■ **Collected material**
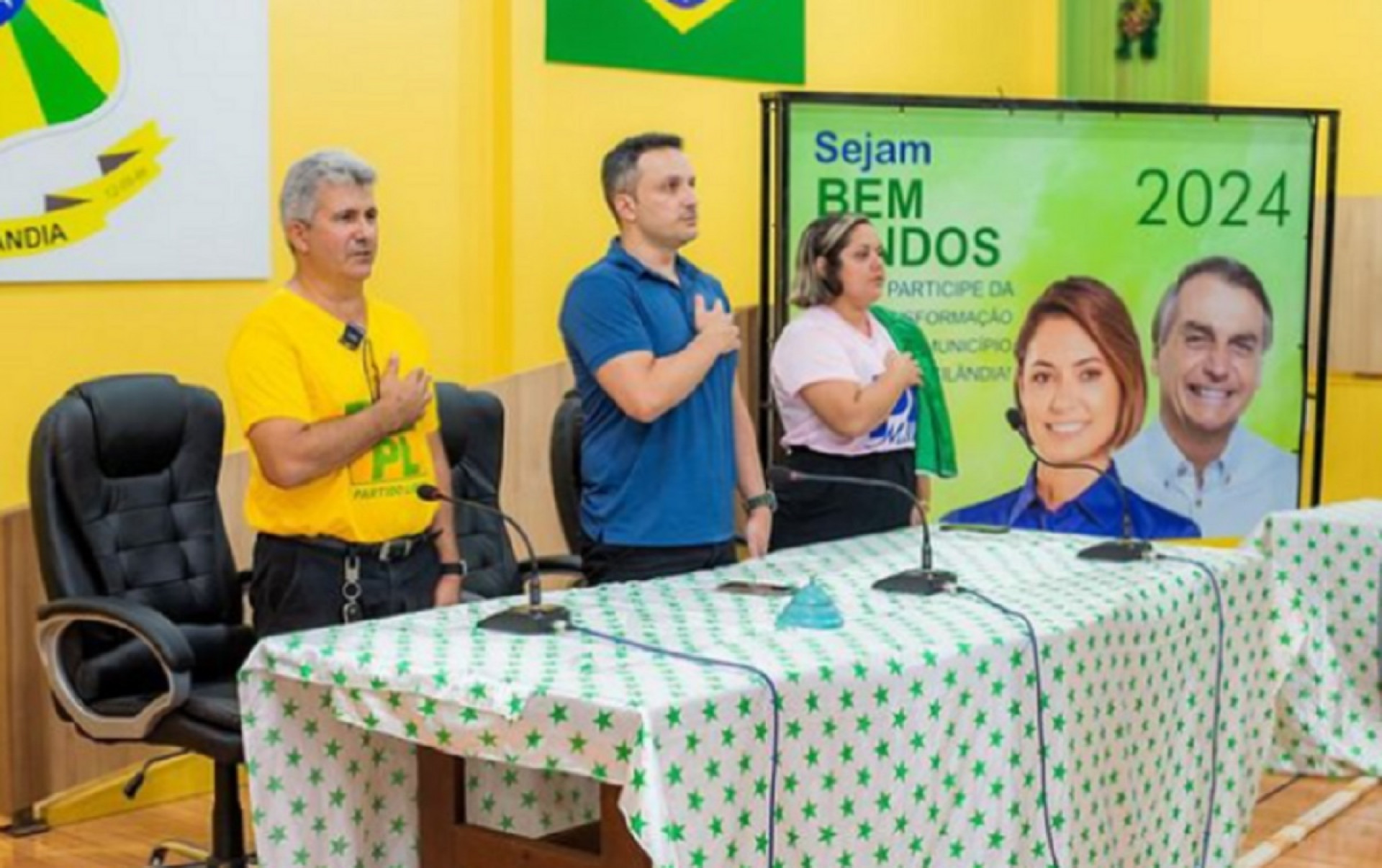 Darci Alves (de amarelo), assassino de Chico Mendes, durante cerim&ocirc;nia de posse do PL - Reprodu&ccedil;&atilde;o / Internet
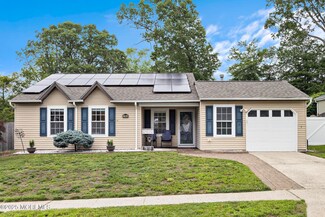 75 Concord Cir, Howell, NJ 07731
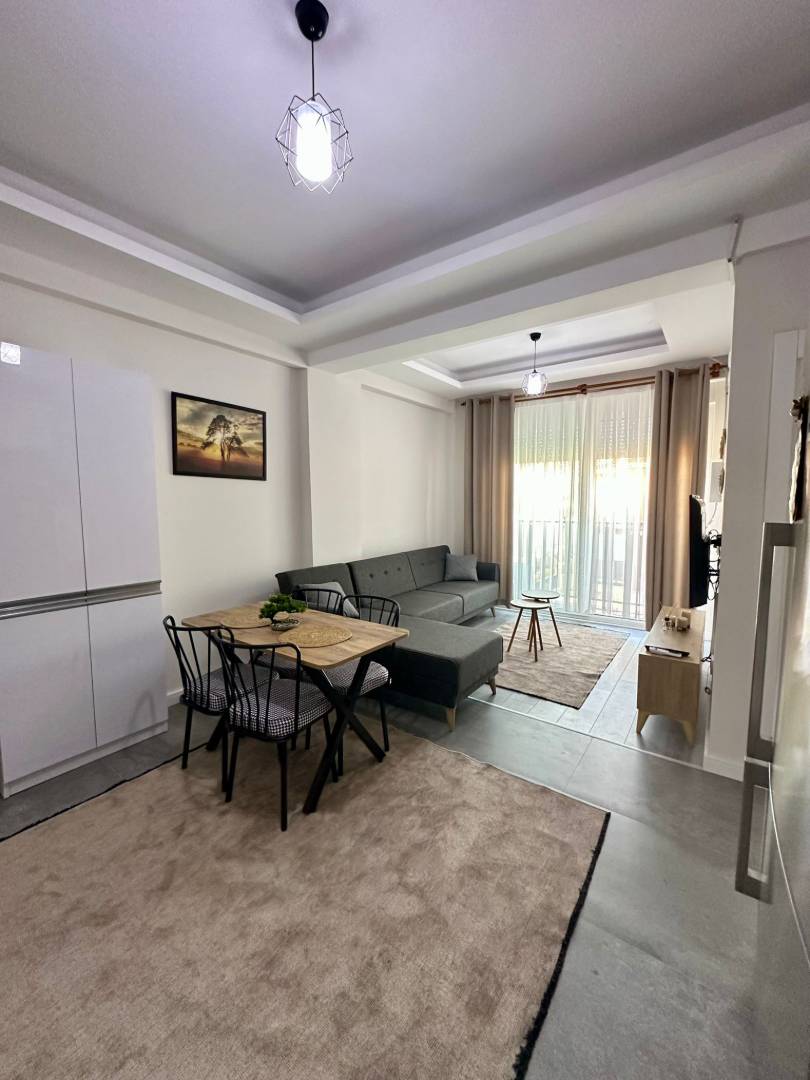 Serik Kadriye'de Site İçerisinde, Ortak Havuzlu, 1+1 Apart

■ **Exercise**
Starting at the line that contains "75 Concord Cir, Howell, NJ 07731", extract each line through the last line of the material exactly as written, and include no pictures.

■ **Your solution**
 75 Concord Cir, Howell, NJ 07731
 Serik Kadriye'de Site İçerisinde, Ortak Havuzlu, 1+1 Apart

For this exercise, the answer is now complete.